┌────────

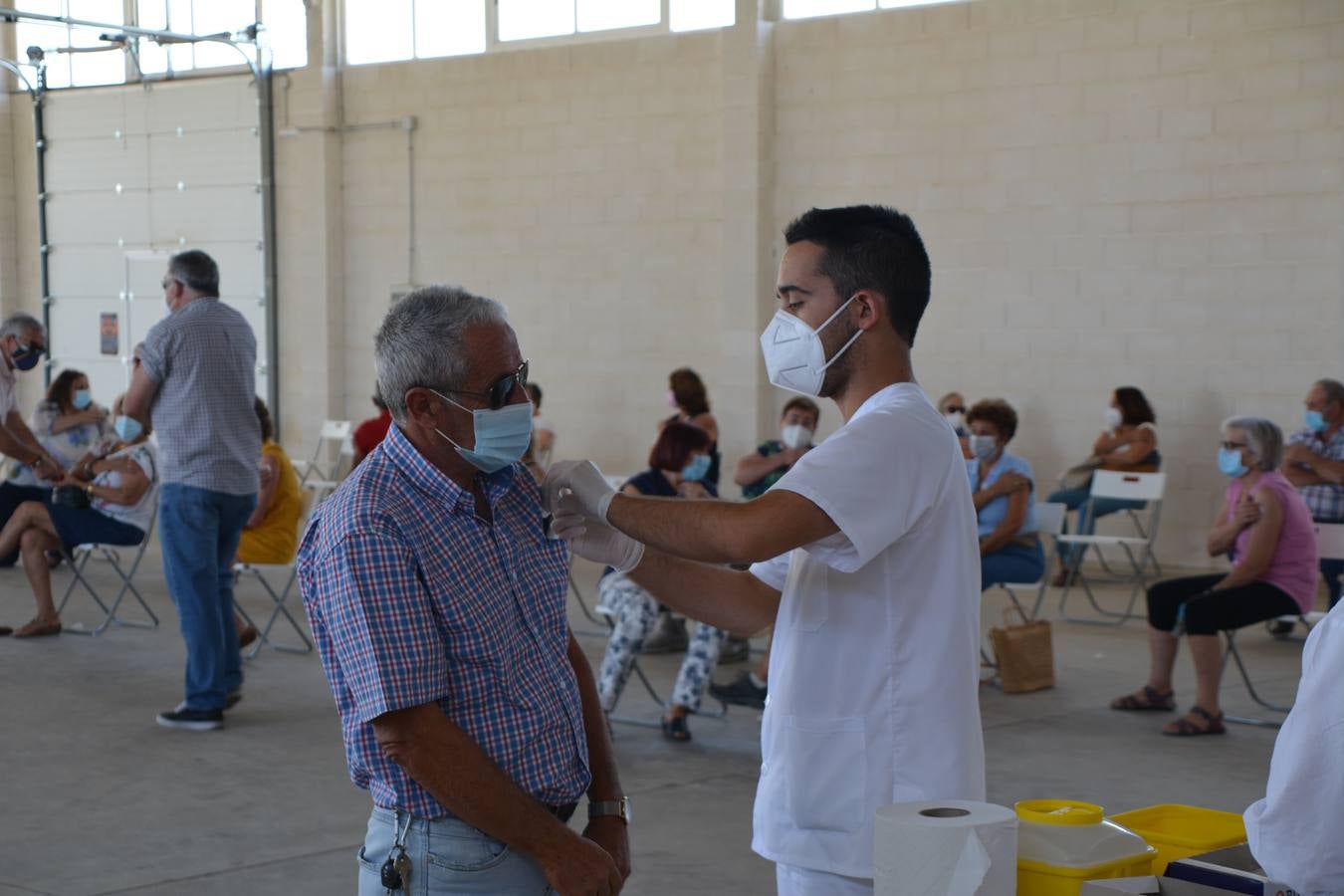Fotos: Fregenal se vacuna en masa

└────────
┌────────

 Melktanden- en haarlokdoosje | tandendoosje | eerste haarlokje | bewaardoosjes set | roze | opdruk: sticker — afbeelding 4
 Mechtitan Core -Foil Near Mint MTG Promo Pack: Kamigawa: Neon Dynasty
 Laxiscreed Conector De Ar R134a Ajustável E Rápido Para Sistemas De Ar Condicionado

└────────
┌────────

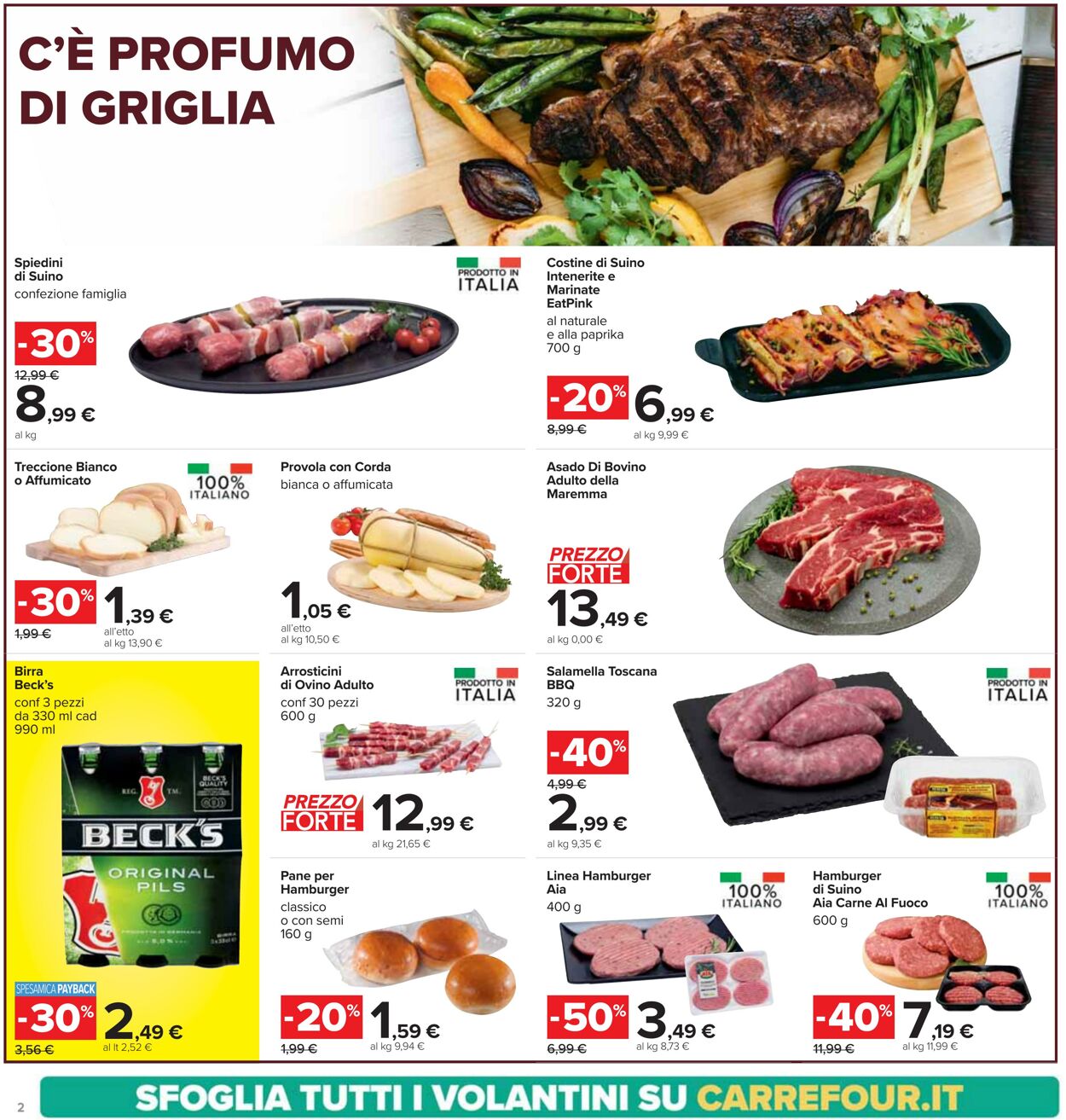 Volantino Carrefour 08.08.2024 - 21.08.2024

└────────

* ABOUT THIS EXERCISE
Print, without alteration, only the lines above between the one holding "Mechtitan Core -Foil" and the one holding "Laxiscreed Conector De", inclusive.

* RESPONSE TO THE EXERCISE
 Mechtitan Core -Foil Near Mint MTG Promo Pack: Kamigawa: Neon Dynasty
 Laxiscreed Conector De Ar R134a Ajustável E Rápido Para Sistemas De Ar Condicionado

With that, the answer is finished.